WORK TO BE COMPLETED: The lines from the start of the listing through the line containing "Conjunto de sudadera" should be printed exactly, and no other lines should be printed.

STUDY MATERIAL:

========================================

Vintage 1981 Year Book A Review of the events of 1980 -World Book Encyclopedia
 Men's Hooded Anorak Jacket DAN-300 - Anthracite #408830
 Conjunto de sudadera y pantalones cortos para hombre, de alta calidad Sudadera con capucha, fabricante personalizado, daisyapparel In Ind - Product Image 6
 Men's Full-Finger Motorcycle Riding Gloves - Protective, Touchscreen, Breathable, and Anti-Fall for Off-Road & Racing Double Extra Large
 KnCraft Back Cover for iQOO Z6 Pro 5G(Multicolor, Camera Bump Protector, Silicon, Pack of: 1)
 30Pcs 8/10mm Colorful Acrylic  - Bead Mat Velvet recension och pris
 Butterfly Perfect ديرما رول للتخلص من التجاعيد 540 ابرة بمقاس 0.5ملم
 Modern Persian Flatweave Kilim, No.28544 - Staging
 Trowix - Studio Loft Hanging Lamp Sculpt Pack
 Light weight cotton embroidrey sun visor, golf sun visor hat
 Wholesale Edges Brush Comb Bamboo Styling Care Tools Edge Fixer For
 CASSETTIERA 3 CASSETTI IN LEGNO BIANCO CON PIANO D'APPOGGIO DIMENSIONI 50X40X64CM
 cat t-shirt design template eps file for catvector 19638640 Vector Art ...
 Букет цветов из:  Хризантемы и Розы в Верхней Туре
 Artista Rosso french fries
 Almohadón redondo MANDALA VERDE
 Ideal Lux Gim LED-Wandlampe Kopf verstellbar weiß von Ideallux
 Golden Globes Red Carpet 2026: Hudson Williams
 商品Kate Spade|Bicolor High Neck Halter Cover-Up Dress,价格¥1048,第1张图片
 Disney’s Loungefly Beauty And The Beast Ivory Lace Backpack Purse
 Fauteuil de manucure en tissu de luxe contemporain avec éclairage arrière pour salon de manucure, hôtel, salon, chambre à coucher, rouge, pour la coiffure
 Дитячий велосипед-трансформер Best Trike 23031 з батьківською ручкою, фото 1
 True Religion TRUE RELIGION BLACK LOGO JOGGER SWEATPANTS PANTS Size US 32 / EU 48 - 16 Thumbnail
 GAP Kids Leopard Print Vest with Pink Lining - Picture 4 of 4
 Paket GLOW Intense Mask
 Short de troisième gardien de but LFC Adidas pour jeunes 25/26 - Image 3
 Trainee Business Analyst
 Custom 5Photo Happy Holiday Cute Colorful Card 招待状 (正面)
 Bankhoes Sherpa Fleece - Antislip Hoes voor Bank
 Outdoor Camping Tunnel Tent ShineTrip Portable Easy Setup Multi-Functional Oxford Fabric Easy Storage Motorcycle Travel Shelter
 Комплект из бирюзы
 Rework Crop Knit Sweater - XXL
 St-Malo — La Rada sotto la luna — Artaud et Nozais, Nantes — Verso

========================================

RESULT OF THE EXERCISE:
Vintage 1981 Year Book A Review of the events of 1980 -World Book Encyclopedia
 Men's Hooded Anorak Jacket DAN-300 - Anthracite #408830
 Conjunto de sudadera y pantalones cortos para hombre, de alta calidad Sudadera con capucha, fabricante personalizado, daisyapparel In Ind - Product Image 6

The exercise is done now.